The author: Terry Fallis
Publication: McClelland & Stewart, 2015
Got it from: The library
I really enjoyed Terry Fallis's political books, The Best Laid Plans and The High Road, which poked gentle fun at Canadian politics with a healthy dose of liberal idealism thrown in (that's big "L" and little"l" liberal.) Surely Angus McLintock, the grizzled feminist engineering professor/MP at the heart of these novels, would approve of our new PM. Wait, did I say feminist engineering professor? You mean an actual male writer has a feminist character in a mainstream novel? That's just one of the many delightful touches in Fallis's stories that elevate them to must-reads, at least in this feminist's eyes.

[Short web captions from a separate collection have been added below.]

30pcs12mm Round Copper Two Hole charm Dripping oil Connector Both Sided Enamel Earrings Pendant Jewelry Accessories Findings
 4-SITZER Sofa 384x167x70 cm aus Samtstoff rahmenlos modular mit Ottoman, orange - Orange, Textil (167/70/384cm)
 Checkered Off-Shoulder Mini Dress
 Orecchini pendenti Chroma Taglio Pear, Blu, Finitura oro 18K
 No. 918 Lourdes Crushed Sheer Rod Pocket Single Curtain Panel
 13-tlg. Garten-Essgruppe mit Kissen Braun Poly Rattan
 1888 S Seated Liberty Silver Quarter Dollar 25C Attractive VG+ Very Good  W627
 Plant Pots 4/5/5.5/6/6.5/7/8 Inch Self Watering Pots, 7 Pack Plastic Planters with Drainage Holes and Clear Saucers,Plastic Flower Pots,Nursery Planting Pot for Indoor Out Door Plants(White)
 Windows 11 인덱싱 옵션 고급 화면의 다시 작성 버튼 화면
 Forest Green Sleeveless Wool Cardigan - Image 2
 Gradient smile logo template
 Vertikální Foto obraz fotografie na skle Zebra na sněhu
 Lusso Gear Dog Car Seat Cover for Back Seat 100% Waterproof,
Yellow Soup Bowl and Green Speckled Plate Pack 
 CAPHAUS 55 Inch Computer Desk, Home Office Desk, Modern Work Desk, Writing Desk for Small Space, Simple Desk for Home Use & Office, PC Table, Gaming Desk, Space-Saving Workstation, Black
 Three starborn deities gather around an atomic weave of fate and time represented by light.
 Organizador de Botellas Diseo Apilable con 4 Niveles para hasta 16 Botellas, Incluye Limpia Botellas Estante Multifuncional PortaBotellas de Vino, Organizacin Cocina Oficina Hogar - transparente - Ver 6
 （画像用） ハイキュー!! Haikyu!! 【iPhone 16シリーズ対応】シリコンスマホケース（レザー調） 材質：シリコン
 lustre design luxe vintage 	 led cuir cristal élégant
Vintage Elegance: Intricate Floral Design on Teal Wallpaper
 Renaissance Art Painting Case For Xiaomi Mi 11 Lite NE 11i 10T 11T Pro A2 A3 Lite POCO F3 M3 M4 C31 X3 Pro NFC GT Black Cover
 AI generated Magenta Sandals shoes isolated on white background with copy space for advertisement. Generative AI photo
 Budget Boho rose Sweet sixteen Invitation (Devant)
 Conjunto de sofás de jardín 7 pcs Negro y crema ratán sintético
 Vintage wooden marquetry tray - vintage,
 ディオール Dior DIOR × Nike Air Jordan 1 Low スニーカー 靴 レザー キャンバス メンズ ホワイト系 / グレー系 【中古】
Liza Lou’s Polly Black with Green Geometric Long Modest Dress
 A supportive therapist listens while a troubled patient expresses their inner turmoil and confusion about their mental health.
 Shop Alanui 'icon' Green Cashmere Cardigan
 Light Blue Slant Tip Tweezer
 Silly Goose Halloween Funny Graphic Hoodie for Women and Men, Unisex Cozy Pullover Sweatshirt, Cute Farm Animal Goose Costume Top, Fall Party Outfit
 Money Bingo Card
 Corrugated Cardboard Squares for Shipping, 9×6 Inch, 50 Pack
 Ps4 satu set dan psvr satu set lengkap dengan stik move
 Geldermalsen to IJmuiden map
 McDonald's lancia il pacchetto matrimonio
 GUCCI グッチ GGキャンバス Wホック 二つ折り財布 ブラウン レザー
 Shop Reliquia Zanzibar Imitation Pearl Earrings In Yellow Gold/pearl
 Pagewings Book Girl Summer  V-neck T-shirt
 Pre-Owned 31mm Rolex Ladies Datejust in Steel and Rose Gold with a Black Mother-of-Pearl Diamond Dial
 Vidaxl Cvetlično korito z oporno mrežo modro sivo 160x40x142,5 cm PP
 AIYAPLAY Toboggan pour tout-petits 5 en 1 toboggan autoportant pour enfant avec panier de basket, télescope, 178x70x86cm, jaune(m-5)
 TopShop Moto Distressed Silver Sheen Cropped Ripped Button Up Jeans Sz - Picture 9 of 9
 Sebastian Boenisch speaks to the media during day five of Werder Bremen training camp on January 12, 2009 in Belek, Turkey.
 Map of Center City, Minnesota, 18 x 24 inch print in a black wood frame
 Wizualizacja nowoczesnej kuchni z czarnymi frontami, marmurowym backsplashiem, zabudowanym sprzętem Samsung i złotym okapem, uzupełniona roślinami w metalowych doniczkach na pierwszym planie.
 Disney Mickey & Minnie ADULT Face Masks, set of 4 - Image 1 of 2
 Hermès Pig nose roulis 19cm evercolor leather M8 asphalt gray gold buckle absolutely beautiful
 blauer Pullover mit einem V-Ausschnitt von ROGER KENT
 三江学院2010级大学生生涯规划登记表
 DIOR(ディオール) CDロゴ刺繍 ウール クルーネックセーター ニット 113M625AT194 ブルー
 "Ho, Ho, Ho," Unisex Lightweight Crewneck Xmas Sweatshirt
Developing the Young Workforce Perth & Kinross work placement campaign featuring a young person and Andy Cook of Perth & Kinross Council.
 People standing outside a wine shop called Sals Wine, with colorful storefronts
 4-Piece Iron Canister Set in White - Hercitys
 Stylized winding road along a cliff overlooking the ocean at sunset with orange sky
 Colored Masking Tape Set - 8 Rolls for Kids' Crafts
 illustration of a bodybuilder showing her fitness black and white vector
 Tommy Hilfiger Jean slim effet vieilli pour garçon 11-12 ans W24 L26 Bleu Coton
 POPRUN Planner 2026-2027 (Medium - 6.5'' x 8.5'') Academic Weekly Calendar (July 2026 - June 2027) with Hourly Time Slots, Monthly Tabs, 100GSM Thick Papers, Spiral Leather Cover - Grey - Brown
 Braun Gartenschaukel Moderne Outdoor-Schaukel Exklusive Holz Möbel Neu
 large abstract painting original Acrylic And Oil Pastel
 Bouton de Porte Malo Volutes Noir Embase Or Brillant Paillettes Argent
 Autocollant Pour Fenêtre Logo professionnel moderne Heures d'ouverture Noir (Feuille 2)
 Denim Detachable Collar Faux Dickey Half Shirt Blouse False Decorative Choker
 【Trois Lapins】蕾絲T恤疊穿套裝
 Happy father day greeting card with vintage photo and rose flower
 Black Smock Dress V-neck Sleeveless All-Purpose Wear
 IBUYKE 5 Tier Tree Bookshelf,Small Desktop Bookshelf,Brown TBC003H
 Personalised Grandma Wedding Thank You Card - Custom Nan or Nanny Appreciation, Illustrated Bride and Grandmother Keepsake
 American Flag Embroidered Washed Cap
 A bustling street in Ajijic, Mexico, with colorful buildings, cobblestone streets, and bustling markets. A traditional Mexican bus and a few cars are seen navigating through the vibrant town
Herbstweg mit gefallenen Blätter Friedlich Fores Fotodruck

So imagine how excited I was that a male feminist was going to be the main character of Fallis's new book, Poles Apart. The title is a double entendre, as the hero lives (by accident) above a strip club. Everett Kane is a freelance writer who's drifting in life. The only time he ever felt enthusiastic about something was in his university days, when he worked as a crusader for women's equality. His dad is an old-school misogynist, his mom a high-powered businesswoman (they're divorced). Everett moves to Florida after his father suffers a stroke. At the rehab centre he meets Beverley Tanner, a feminist from the heyday of second-wave feminism and an idol of Everett's. Beverley inspires him to write passionately about feminism, which he does on his new blog, Eve of Equality (which uses both the phrase "on the eve of equality" and Everett's name).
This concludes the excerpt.